**Task requirements**
Return verbatim the line containing "Used 2015 Honda Accord Sport image 30" together with all lines that follow it, through the end of the records.
---- Material for this task
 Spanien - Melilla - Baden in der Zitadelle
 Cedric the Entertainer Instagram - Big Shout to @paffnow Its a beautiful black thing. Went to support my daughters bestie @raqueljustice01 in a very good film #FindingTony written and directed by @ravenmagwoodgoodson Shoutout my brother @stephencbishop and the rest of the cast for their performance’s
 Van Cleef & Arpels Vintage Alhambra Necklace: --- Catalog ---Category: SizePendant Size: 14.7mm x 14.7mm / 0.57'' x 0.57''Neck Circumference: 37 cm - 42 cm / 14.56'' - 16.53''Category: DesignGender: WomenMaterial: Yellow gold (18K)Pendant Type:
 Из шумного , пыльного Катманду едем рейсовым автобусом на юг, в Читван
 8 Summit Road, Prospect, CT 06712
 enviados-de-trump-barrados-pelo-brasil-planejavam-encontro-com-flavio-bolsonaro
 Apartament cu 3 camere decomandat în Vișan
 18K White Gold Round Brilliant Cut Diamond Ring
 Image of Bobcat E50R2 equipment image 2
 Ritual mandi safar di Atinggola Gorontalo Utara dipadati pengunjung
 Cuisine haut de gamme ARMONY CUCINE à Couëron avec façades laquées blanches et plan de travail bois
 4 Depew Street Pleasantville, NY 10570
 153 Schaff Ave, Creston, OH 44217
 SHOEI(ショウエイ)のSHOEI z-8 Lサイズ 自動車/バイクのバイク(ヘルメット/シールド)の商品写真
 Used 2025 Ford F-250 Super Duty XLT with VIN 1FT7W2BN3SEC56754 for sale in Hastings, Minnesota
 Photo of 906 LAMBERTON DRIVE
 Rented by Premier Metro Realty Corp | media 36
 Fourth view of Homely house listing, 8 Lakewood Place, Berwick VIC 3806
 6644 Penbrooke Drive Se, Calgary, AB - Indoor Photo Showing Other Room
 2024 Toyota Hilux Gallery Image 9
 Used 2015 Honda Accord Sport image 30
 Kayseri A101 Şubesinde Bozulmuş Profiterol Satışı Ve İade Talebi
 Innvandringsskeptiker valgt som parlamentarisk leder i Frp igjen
--------
**Solution for this problem**
 Used 2015 Honda Accord Sport image 30
 Kayseri A101 Şubesinde Bozulmuş Profiterol Satışı Ve İade Talebi
 Innvandringsskeptiker valgt som parlamentarisk leder i Frp igjen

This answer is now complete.